Imperator Caesar Lucius Aelius Aurelius Commodus Augustus
Reign: Marcus Aurelius
Mint: Cyrrhus Cyrrhestica, Syria
Date: 177/180 AD
Nominal: Bronze
Material: AE
Diameter: 22mm
Weight: 10.36g

Reference: RPC IV.3 9042 (#5 this coin)
RPC Online: https://rpc.ashmus.ox.ac.uk/coins/4/9042
Rare: Specimens 5 (4 in the core collections)
Provenance: Lucernae Numismatica Alcala, Spain (Auction 11, Lot 83)
Pedigree: –

Obverse: Laureate head of (youthful) Commodus, right
Translation: Autokrator Kaisaros Lucios Aurelios Kommodos
Translation: Imperator Caesar Lucius Aurelius Commodus

Reverse: Zeus Kataibates seated on rock, left, holding thunderbolt and long sceptre
Translation: Dios Katebatou Kyrreston
Translation: God [Zeus] Kataibates, City of Cyrrhus

Comment: Cyrrhus (also Kyrrhos), was an ancient city on the road from Antioch to Zeugma in present-day northern Syria. The ruins lie about 70 kilometres northwest of Aleppo and 28 kilometres north of Azaz near the Turkish border on a rocky hill. The provincial city was founded by Antigonos I Monophthalmos around 300 BC or at the beginning of the 3rd century BC by the Seleucids. In 64 BC, Kyrrhos was captured by the Roman general Gnaeus Pompeius Magnus, and the place served as a military base in the fighting between the Romans and the Parthians. In the Roman imperial period, the auxiliary unit Cohors II Cyrrhestarum was recruited from the city of Cyrrhus and its surroundings. A prominent resident was Avidius Cassius, who was born in Cyrrhus. He had himself proclaimed counter-emperor in 175 AD when news was falsely circulated that Marcus Aurelius had died.

Kataibates was a common epithet of Zeus, which he received in all the places where lightning had struck.

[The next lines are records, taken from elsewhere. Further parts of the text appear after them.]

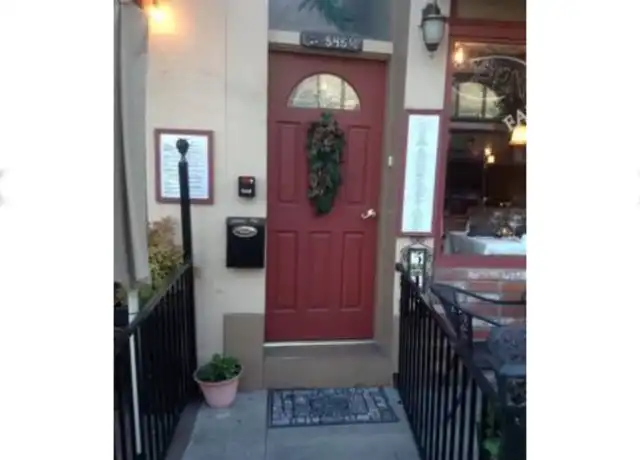 Property at 545 Lighthouse Ave, Pacific Grove, CA, 93950, 2 beds, 2 baths, [object Object]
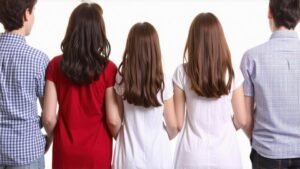 Выплаты семьям с детьми в 2026 году: что изменится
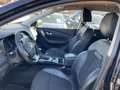 Renault Kadjar 1.2 TCe 130 Business ENERGY Schwarz - thumbnail 12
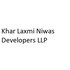 Khar Laxmi Niwas Developers LLP Developer Logo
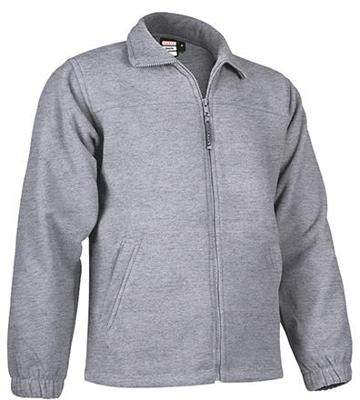 Imagen del producto POLAR DAKOTA ADULTO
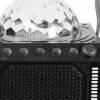 Denver BTM-618 Bluetooth Party Speaker 111151020840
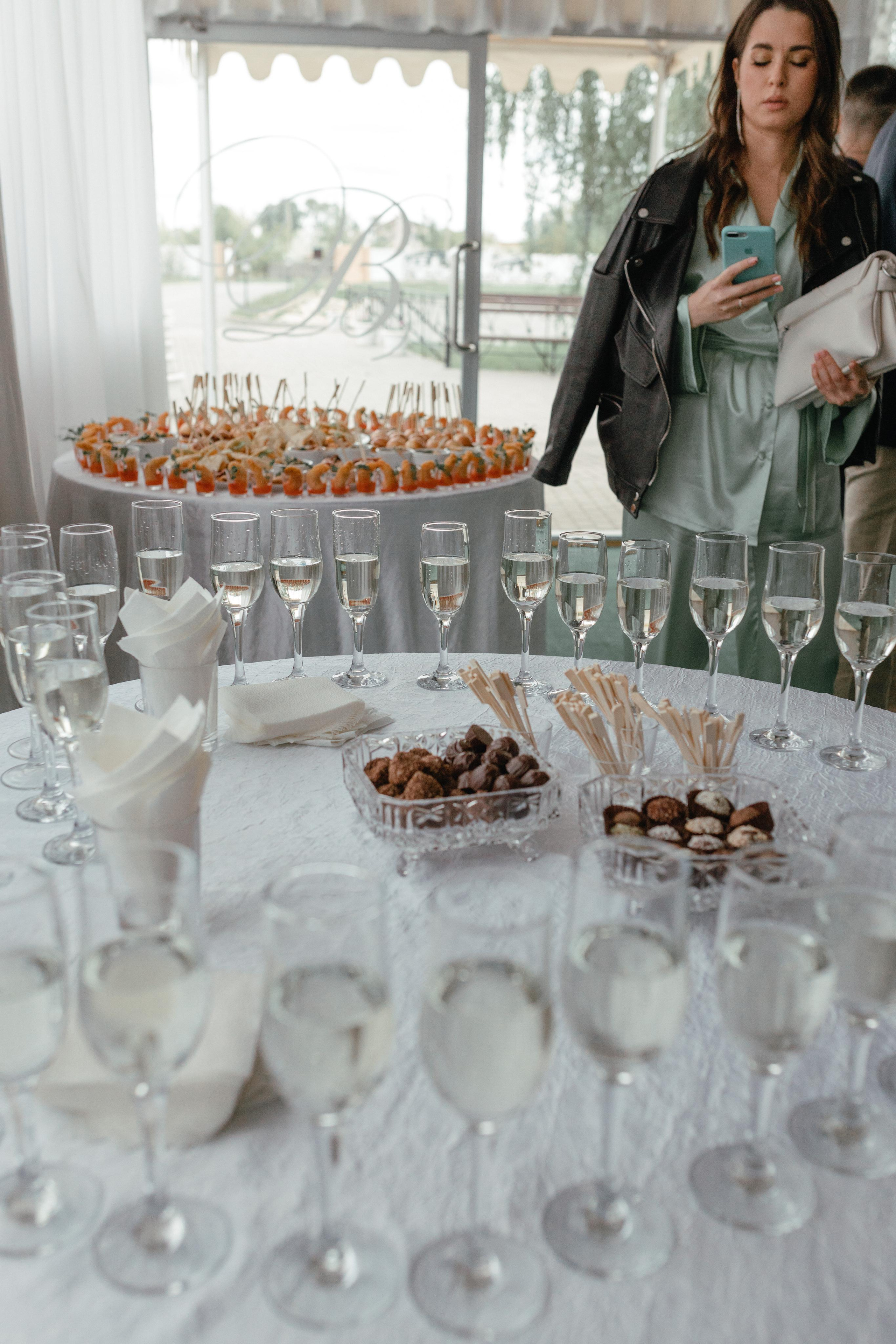 Свадьба Вадим и Люся. Photographer Egypt Photographer Hurgada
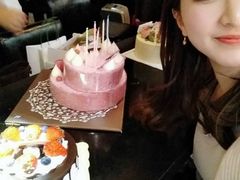 -多乐之日(和平伊势丹店)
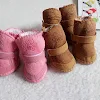 miniatures image - 1
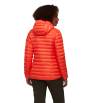 Mammut Albula IN Hooded Jacket W's Winter 2025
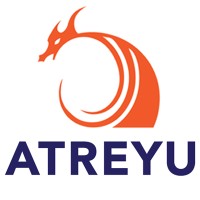 Atreyu logo
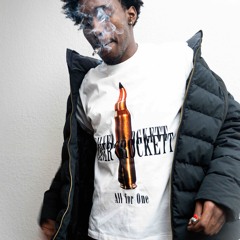 Free Mr.Banks (FREESTYLE)
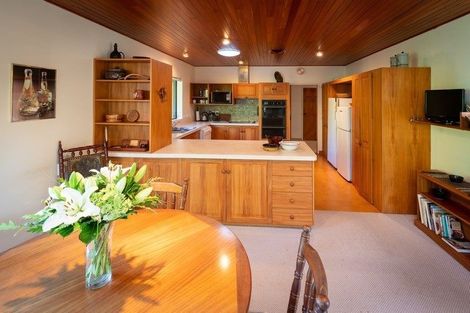 Photo of property in 17 Manly Street, Paraparaumu Beach, Paraparaumu, 5032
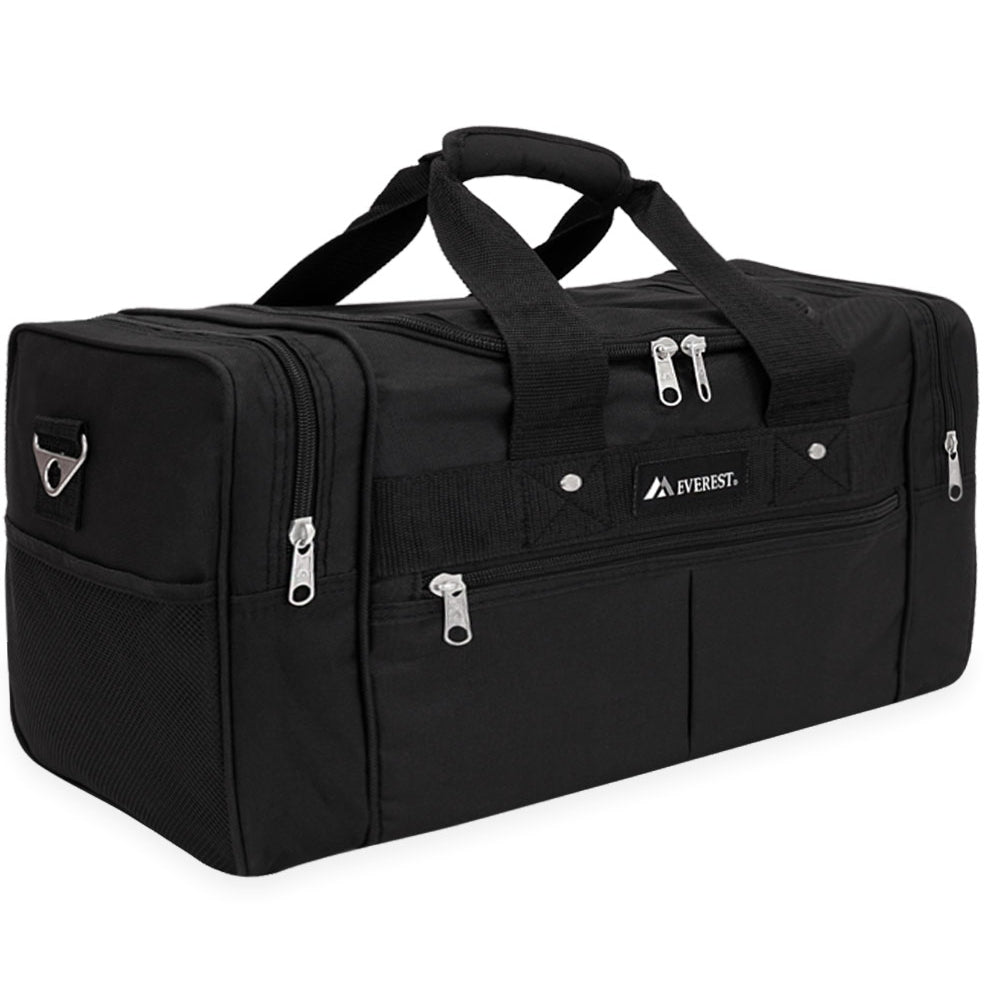 Travel Gear Duffel Bag - XL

It was believed that Zeus descended there in fire, fenced off these places and considered them very sacred. It was forbidden to enter the place, and often an altar was built there. This local version of Zeus was also worshipped in Cyrrhus. On numerous issued provincial coinages of the city of Cyrrhus, a temple with the statue of Zeus Kataibates is depicted on the reverse. Here, too, a sanctuary in honour of the god must have been built directly over the strike of lightning, of which the city fathers were particularly proud. Unfortunately, nothing remains of the former temple today.